## TASK
Under this line are records; the part from the line containing "Load image into" through the line containing "Black Velvet 3" should be repeated exactly. Please exclude pictures.

## DATA SHOWN
-*-

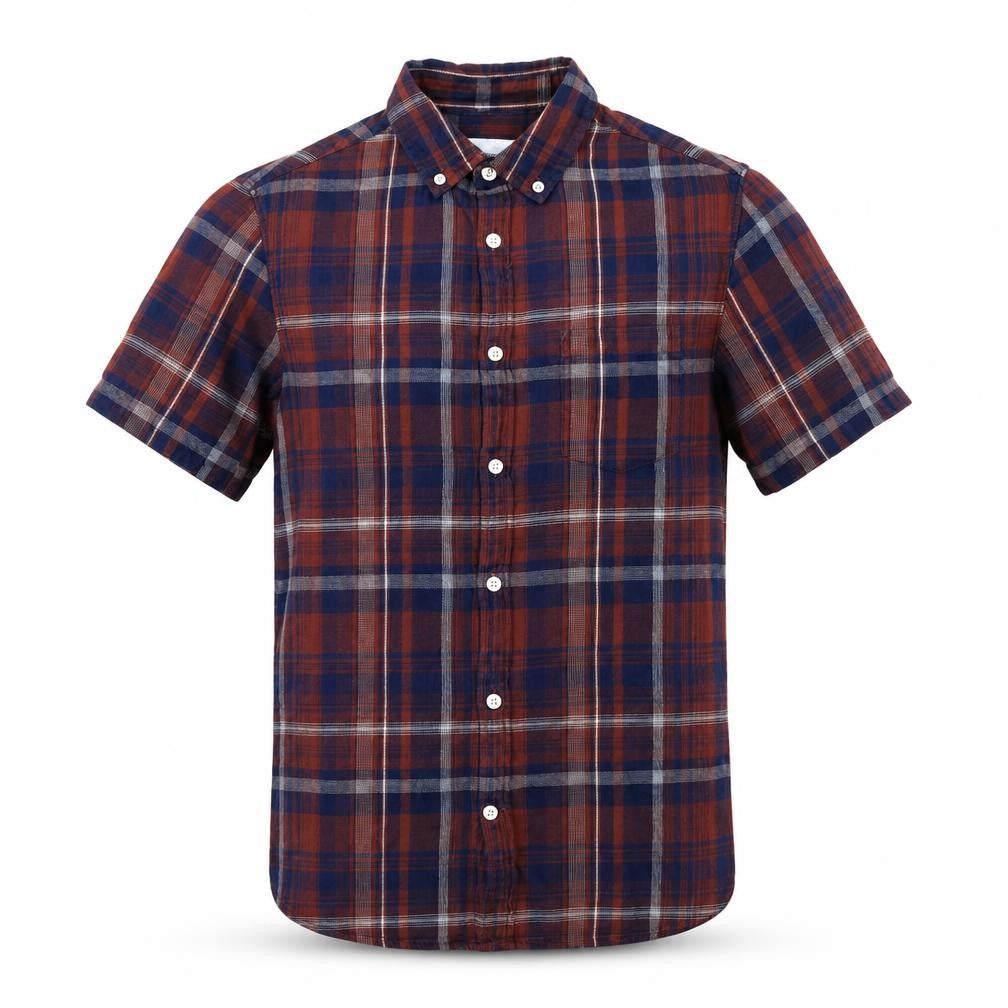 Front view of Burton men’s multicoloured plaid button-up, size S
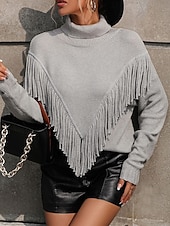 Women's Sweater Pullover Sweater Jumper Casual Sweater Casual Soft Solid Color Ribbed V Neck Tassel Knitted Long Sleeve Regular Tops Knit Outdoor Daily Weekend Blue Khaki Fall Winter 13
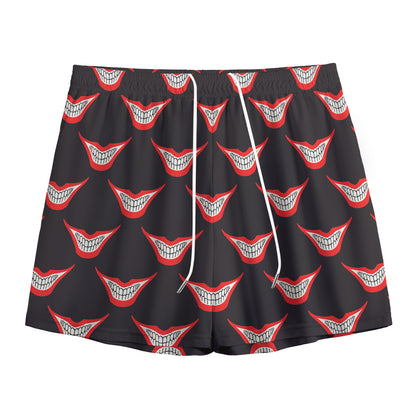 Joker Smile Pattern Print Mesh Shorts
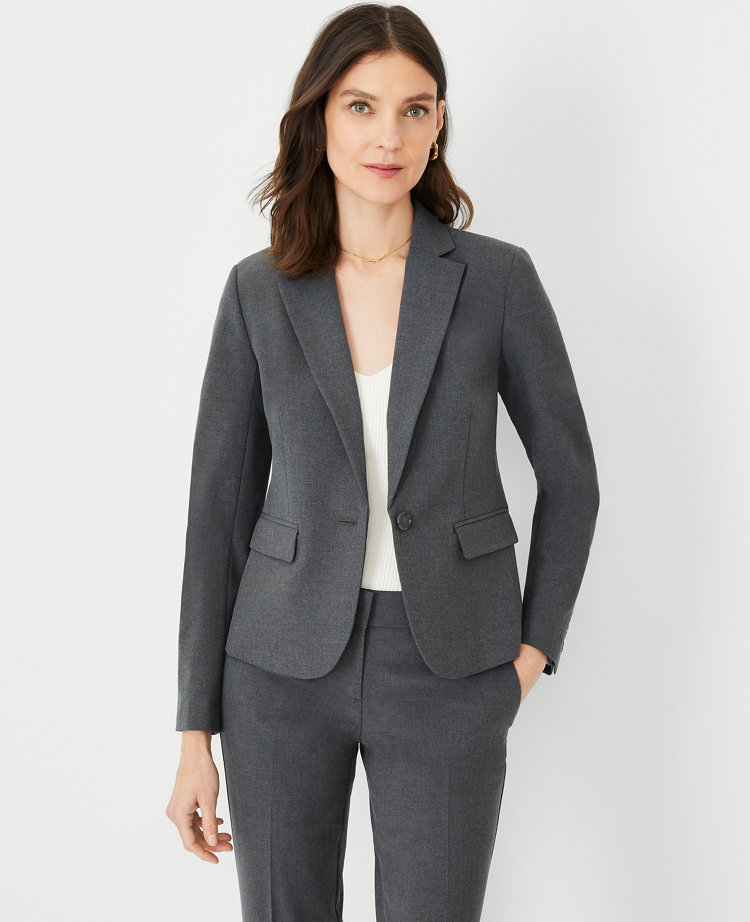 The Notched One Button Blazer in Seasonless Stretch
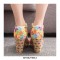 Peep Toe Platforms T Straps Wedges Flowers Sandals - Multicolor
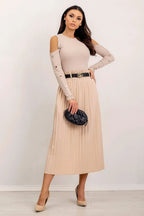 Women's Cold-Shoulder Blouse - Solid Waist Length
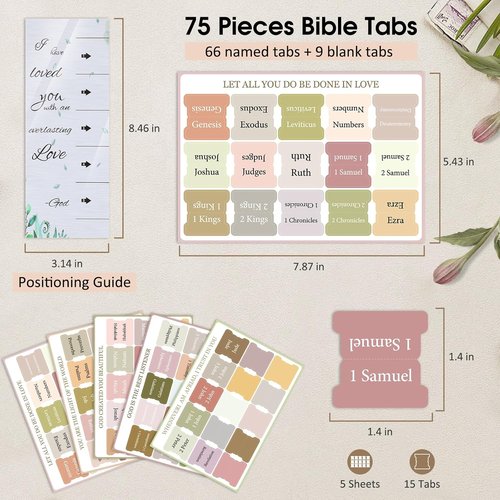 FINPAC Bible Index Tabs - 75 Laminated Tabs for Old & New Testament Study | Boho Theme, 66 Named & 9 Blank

-*-

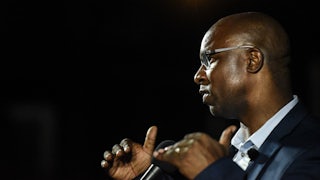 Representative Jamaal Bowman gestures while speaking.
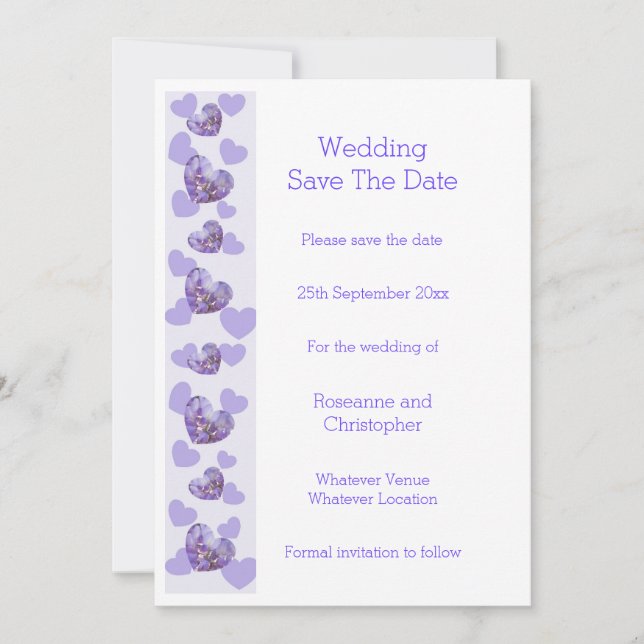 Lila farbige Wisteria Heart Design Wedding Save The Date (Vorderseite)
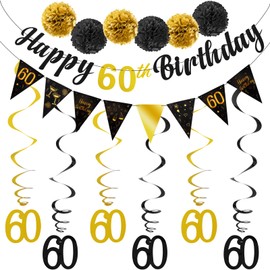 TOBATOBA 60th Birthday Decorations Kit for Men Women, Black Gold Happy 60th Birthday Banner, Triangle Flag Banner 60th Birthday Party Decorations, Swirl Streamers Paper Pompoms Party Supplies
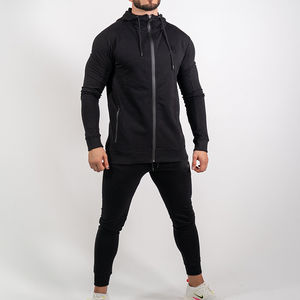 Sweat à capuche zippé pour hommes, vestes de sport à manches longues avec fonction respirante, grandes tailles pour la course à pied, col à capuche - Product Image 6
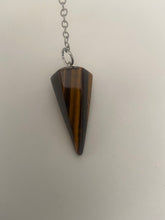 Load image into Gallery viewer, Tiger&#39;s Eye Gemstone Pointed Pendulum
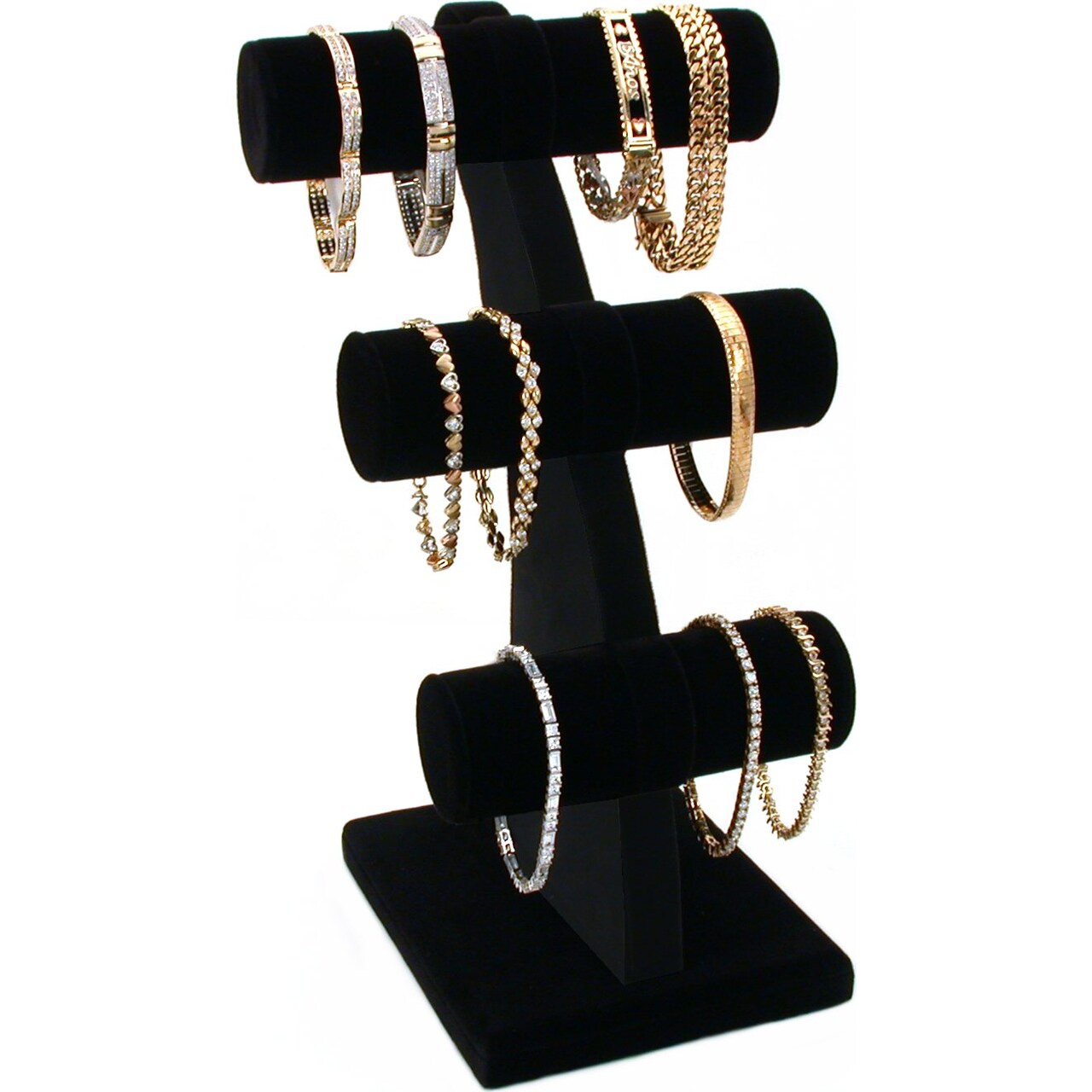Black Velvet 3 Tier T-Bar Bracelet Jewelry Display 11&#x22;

-*-

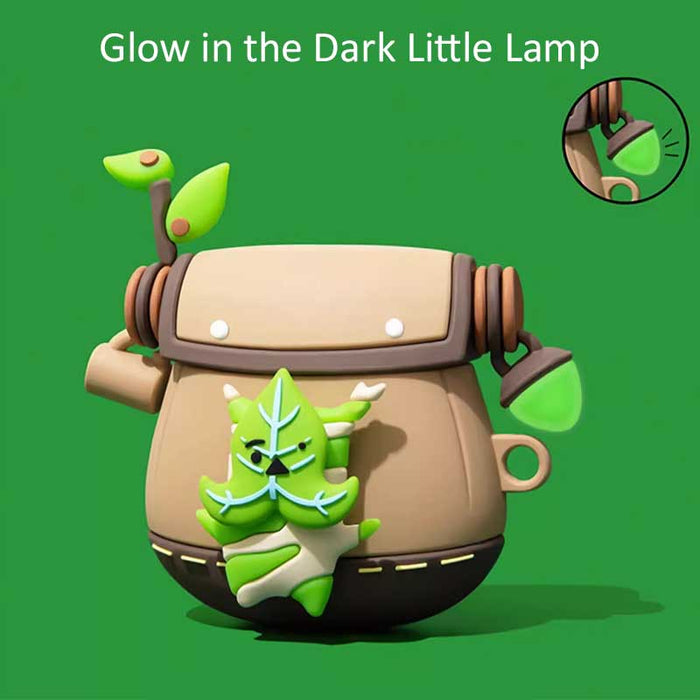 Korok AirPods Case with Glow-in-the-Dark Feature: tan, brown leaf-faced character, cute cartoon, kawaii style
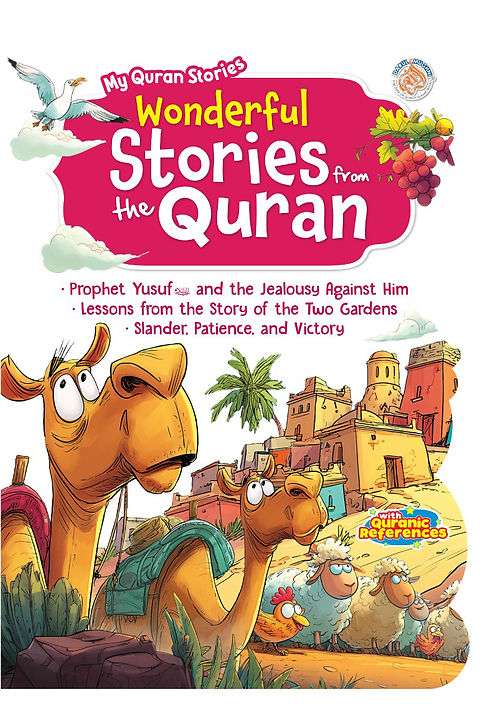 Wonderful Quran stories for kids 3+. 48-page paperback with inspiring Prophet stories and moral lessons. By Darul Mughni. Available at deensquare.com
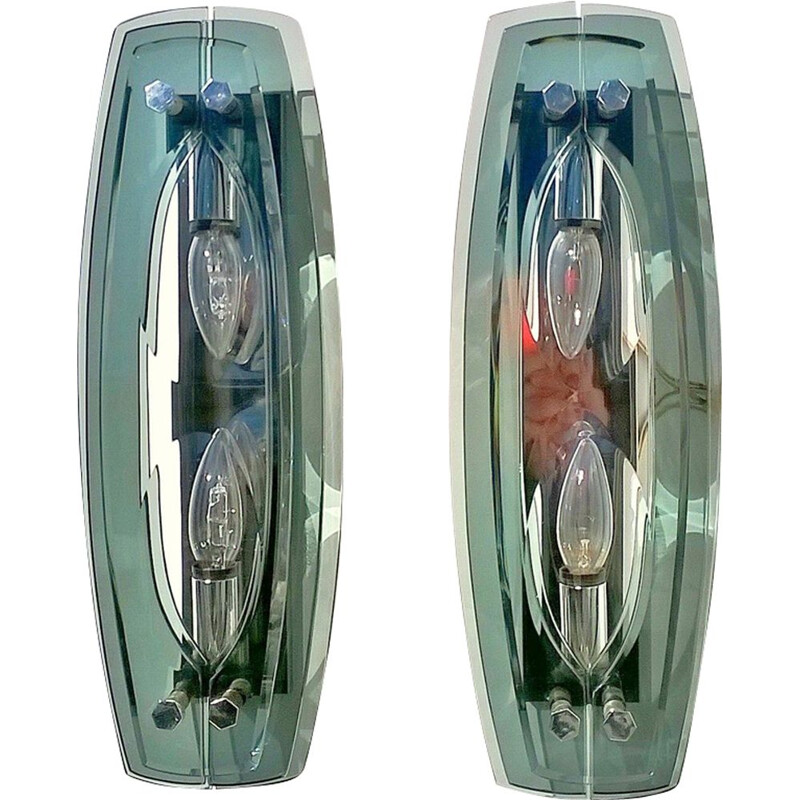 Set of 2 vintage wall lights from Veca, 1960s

-*-

## ANSWER TO THE PROBLEM
 Load image into Gallery viewer, Tiger&#39;s Eye Gemstone Pointed Pendulum
Black Velvet 3 Tier T-Bar Bracelet Jewelry Display 11&#x22;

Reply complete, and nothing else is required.